Culture

Christian Lüscher avoue avoir inventé la boutade qui consiste à péter quand on tire sur son doigt 

Selon toute vraisemblance, Christian Lüscher aurait lui-même inventé les « blagues de beauf ». Mieux, il serait l’auteur de l’indémodable « boutade » qui consiste à demander à son vis-à-vis de tirer son doigt tandis que… Vous connaissez la suite. 

Il y a des similitudes qui ne trompent pas au point de confiner à penser que Christian Lüscher est l’auteur qui, sous couvert du plus grand anonymat ou d’un nom d’emprunt, se cache derrière le site jokes-de-papa.com et participe de longue date à l’élaboration de toutes sortes d’almanach de blagues de beaufs tels que le recueil annuel Blagues Cochonnes Pour Adultes ou encore le livre Blagues courtes, Sexy, Amusantes, Cochonnes, Drôles sous-titré Blagues courtes pour pratiquer le sexe oral chez soi ou au travail.

Ce sont nos confrères du Blick qui nous ont mis la puce à l’oreille. Plus précisément une « journalope »* du pure player romand, laquelle se serait, selon les rumeurs qui circulent dans les couloirs du Palais fédéral, munie d’une cape d’invisibilité ou du logiciel espion FinFischer pour obtenir la correspondance de notre Cricri d’amour avec ses ouailles du parti libéral-radical. De sorte que, en remontant la piste ou en tirant sur la pelote de laine, comme disent les Aristochats, notre stagiaire a fait une découverte surprenante.
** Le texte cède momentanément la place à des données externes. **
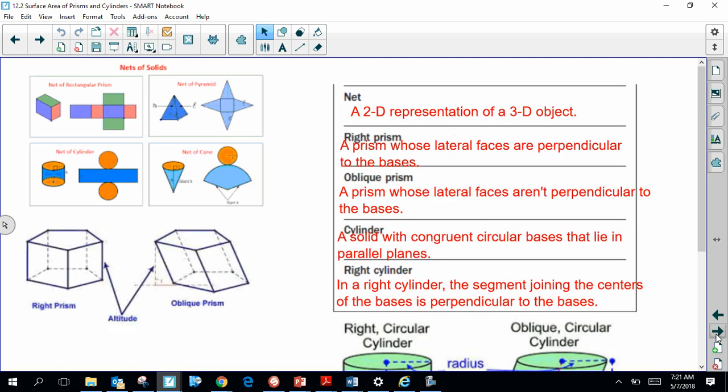A net is a way of representing a three-dimensional object — like a prism, a cylinder, a pyramid, or a cone — as a two-dimensional shape. It's kind of like if you take a box. Imagine if you take a cereal box or a box that an Amazon package arrives in and you break it apart so that it will fit into your trash can easier. If you unfolded that box, it would be what we would refer to as a geometric net.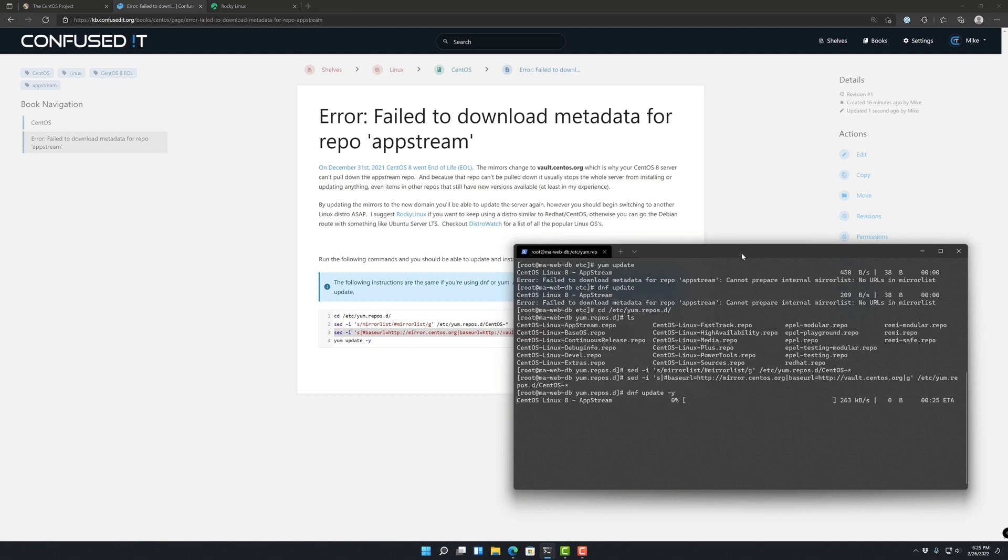I'll make another video in the future on migrating MySQL from one VM to another since I have to do this server, get it over from CentOS to Rocky Linux.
Accrochez-vous à votre botte-cul qui vous a été présenté comme un instrument pour améliorer votre productivité au travail, car ce que vous allez lire va remettre en question l’ensemble de votre existence… 

En effet, non content d’avoir porté la lourdeur au pinacle de la blague, Christian serait l’inventeur de la boutade qui consiste à demander à son vis-à-vis de tirer son doigt et, lorsque celui-ci s’exécute, de laisser s’échapper un pet bruyant pour signifier à ce dernier qu’il s’est fait avoir. « C’est dans un moment de lucidité, entre deux Negroni que je dégustais aux Voiles entouré de femelles et de bougnes, que j’ai imaginé cette blague ! », nous confie ce dernier. « C’était en 1927, j’avais alors déjà 62 ans, en tout cas dans la tête, et je passais mes soirées à draguer la minette ! En parlant de petite cochonne, Corinne, une serveuse que je connaissais bien m’apportait justement ma boisson quand j’ai réprimé une flatulence, par politesse, parce que je suis un gentleman… En tout cas je l’étais à l’époque. C’est alors que je me suis dit : ‘’mais Christian, ça ferait une super blague de péter devant Corinne !’’. Je lui ai donc, dans un premier temps, mis une main au cul, pour rigoler, et, dans un second, je lui ai demandé de tirer sur mon doigt ! La suite… Vous la connaissez ! C’est ainsi que j’ai inventé la blague du pet ! », explique le conseiller national. 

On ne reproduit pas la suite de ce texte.